28 setembro 2023

1755





Êxodo 20: 5-6 (Antigo Testamento, circa Sec. IV AC)

 

5. Não te encurvarás diante delas, nem as servirás; porque eu, o Senhor teu Deus, sou Deus zeloso, que visito a iniquidade dos pais nos filhos até a terceira e quarta geração daqueles que me odeiam e uso de misericórdia com milhares dos que me amam e guardam os meus mandamentos.

 

6. Mas trato com bondade até mil gerações aos que me amam e obedecem aos meus man­damentos.

 

 

Os maus atos afetam as famílias durante várias gerações, no Êxodo fala-se de 3 a 4 gerações, que corresponde de 90 a 120 anos. Um bisavô criminoso prejudica até aos bisnetos que procuram afastar-se o mais possível desse legado familiar. Pelo contrário, boas ações são um crédito e abrem portas à descendência.

 

Os acontecimentos históricos também estigmatizam os povos e influenciam as sociedades durante centenas de anos. Pode parecer anedótico e será, mas quando conhecia colegas Indianos, em Nova Iorque, e descobriam que eu era português, comentavam logo: “os teu antepassados eram uns facínoras”. E depois, a jeito de desculpa: “mas os espanhóis foram piores”. Ora bem, já vão 17 gerações desde que o Vasco bombardeou Calecute.

 

Serve este introito para invocar dois acontecimentos históricos que, na minha opinião, continuam a influenciar profundamente a atualidade. A Revolução Francesa (1789) e o Terramoto de Lisboa (1755).

 

Quando digo “influenciar” não me refiro às circunstâncias históricas que inevitavelmente teriam impacto na atualidade — não se guilhotina o Rei em vão. Refiro-me a aspectos culturais que continuam a colorir, para o bem e para o mal, a França e Portugal.

 

A “Liberté, Egalité, Fraternité” herdada de 1789, continua na Constituição e nas fachadas dos edifícios públicos, mas não passa de uma insígnia que ilude os franceses, que não são nem mais nem menos livres do que quaisquer outros povos europeus e que os leva aceitar um socialismo sufocante para serem mais iguais e fraternos.


Quanto a Portugal, o problema é diferente e quiçá mais grave. Enquanto a Revolução Francesa foi obra dos franceses, que ainda hoje procuram resolver na rua os problemas que não conseguem resolver nas urnas, “o Terramoto foi obra de Deus”.

 

O Terramoto de Lisboa é a verdadeira evocação da tragédia (no sentido clássico) e do destino.

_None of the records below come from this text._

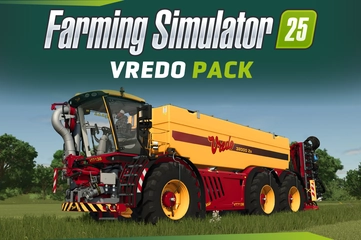 Farming Simulator 25: Vredo Pack
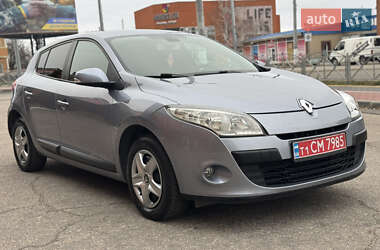 Хетчбек Renault Megane 2010 в Кропивницькому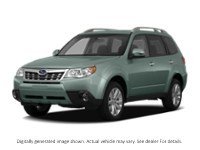 2011 Subaru Forester 5Dr Wgn Auto 2.5X Limited Exterior Shot 1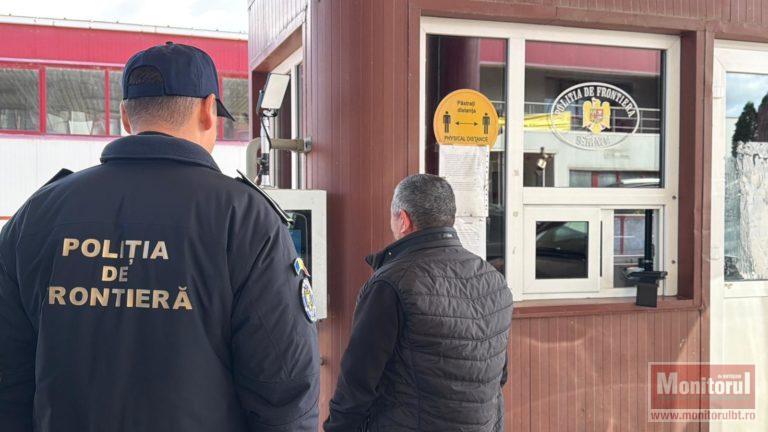 Frontiera Stânca, printre primele din România unde funcționează noul sistem european de control la graniță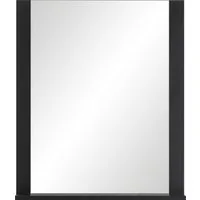 Schildmeyer Garderobenspiegel Janne, Spiegelelement, Made in Germany, B: 60 cm, Solide Verarbeitung - Dieses Produkt ist in Deutschland gefertigt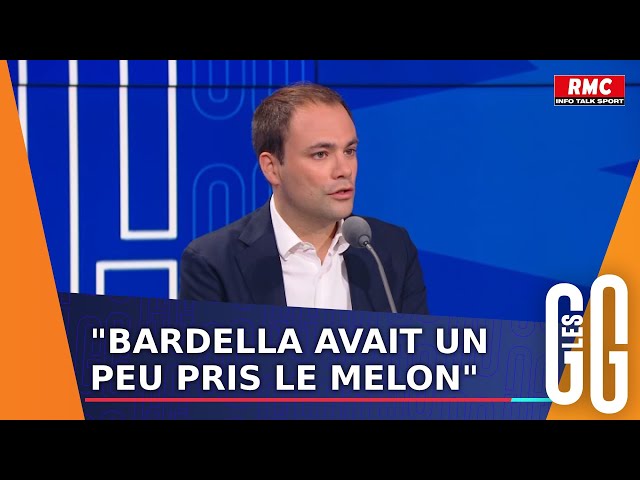 "Le Rassemblement national a été surpris de la réussite du front républicain", juge Charle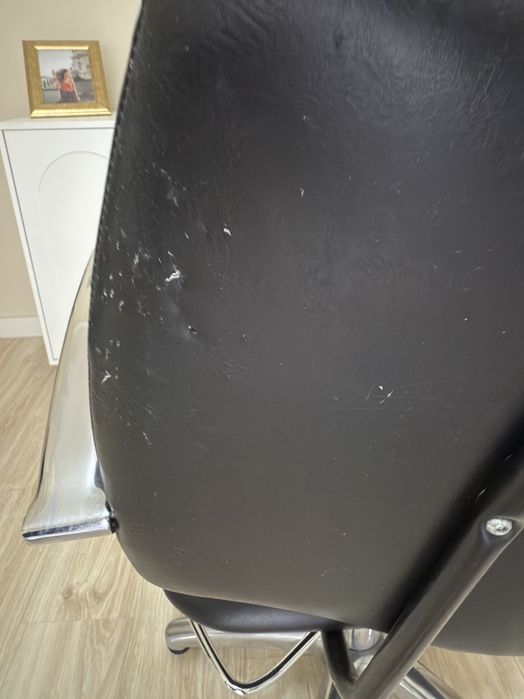 Cadeira cabeleireiro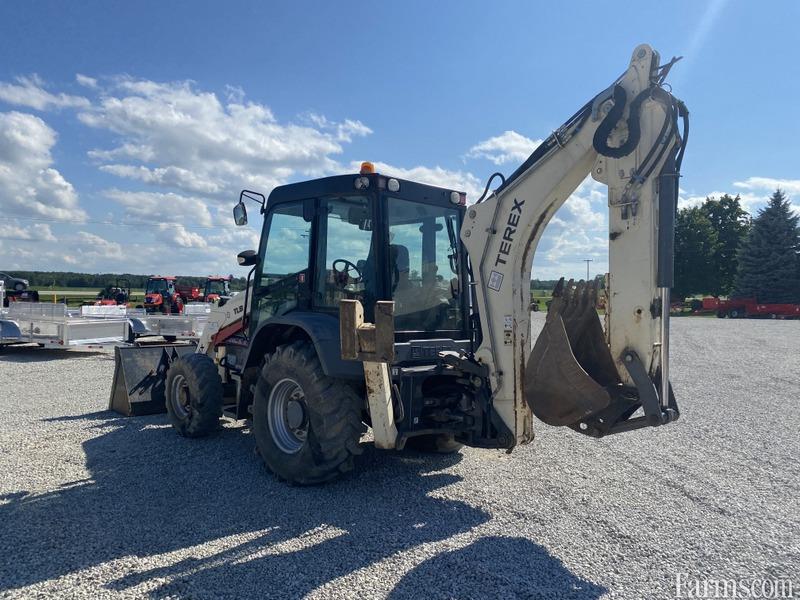 Terex 2014 TLB840CL Backhoes & Loaders for Sale | USFarmer.com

Algo que ocorre inesperadamente e contra o qual somos impotentes. Deixa na alma uma espécie de certeza de que nada vale a pena, e de que tudo pode desaparecer num instante. Também clama por alguém que imponha a ordem, no meio do caos, nem que seja a ferro e fogo.

 

O sucesso político do Pombal, que Camilo Castelo Branco apelidou de “monstro” e “Nero da Trafaria”, deve-se ao terramoto. E a admiração que os portugueses continuam a ter pelo autoritarismo poderá provir daí.

 

Por outro lado, ao contrário dos protestantes, os portugueses focam-se mais no presente e não se preocupam com o longo prazo. Desde logo os governantes, que endividam o nosso futuro coletivo. Pombal fez o mesmo, estourando o tesouro com a reconstrução de Lisboa.

 

Por ser obra dos franceses, a Revolução tem os seus heróis e os seus carrascos. Recordo, por exemplo, que em França não há uma única estátua do Robespierre. Em Portugal, contudo, o Sebastião de Carvalho e Melo, um facínora do quilate do Maximilian, tem um monumento imponente em Lisboa.

 

Os portugueses são supersticiosos, como não ser depois de 1755, e pelo sim e pelo não vão continuando a venerar no Pombal o autoritarismo que nos pode salvar do caos. Nem que isso custe centenas de milhares de vidas.

 

É necessário incutir confiança nos portugueses. Todos sabemos que a vida pode acabar de um momento para o outro, como num terramoto, mas temos de a viver como se fosse eterna.